## Data provided
============================================================

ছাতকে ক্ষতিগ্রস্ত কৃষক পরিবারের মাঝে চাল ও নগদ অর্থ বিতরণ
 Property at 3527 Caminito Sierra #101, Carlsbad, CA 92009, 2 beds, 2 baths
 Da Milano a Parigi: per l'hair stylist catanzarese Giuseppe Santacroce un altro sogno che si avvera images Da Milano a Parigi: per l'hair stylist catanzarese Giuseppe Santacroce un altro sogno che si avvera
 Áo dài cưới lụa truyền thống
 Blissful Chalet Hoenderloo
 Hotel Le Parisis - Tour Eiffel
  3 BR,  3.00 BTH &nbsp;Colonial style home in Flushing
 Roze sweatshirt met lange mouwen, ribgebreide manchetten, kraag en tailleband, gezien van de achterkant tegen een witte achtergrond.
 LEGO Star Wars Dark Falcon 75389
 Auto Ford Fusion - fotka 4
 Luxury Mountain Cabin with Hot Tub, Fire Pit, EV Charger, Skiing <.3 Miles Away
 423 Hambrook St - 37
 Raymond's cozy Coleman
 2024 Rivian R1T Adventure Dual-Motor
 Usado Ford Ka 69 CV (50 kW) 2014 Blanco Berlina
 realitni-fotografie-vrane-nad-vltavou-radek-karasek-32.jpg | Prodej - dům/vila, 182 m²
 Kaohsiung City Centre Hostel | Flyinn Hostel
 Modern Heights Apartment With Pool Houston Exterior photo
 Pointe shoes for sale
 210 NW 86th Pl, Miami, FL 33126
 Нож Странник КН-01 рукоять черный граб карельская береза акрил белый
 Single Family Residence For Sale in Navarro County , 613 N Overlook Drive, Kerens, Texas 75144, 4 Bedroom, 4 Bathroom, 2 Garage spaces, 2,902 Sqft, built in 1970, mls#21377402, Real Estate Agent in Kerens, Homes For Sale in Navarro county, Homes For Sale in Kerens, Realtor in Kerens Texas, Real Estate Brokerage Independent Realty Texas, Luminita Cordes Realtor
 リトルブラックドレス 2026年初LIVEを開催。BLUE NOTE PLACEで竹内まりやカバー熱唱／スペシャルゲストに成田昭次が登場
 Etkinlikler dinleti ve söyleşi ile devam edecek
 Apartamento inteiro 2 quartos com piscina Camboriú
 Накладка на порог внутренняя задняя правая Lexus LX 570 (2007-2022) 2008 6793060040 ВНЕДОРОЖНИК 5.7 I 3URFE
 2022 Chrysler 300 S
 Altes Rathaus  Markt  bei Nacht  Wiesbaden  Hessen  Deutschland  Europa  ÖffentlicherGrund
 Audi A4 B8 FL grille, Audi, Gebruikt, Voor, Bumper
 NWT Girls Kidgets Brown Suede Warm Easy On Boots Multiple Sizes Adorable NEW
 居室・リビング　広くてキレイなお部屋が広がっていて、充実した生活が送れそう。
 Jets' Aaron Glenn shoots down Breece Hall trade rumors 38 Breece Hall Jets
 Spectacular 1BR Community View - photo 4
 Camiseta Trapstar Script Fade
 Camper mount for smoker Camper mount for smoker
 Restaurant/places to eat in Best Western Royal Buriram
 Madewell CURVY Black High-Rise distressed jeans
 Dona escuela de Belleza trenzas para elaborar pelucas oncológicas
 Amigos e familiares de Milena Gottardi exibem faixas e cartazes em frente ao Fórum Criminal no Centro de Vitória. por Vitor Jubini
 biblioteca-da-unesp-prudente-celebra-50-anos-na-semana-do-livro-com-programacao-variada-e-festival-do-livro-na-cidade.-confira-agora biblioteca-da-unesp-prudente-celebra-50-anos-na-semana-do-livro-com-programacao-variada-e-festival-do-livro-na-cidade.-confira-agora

============================================================

All that belongs in your answer is the stretch of entries above from the line with "Raymond's cozy Coleman" through the line with "Нож Странник КН-01", printed exactly.

## Task solution
 Raymond's cozy Coleman
 2024 Rivian R1T Adventure Dual-Motor
 Usado Ford Ka 69 CV (50 kW) 2014 Blanco Berlina
 realitni-fotografie-vrane-nad-vltavou-radek-karasek-32.jpg | Prodej - dům/vila, 182 m²
 Kaohsiung City Centre Hostel | Flyinn Hostel
 Modern Heights Apartment With Pool Houston Exterior photo
 Pointe shoes for sale
 210 NW 86th Pl, Miami, FL 33126
 Нож Странник КН-01 рукоять черный граб карельская береза акрил белый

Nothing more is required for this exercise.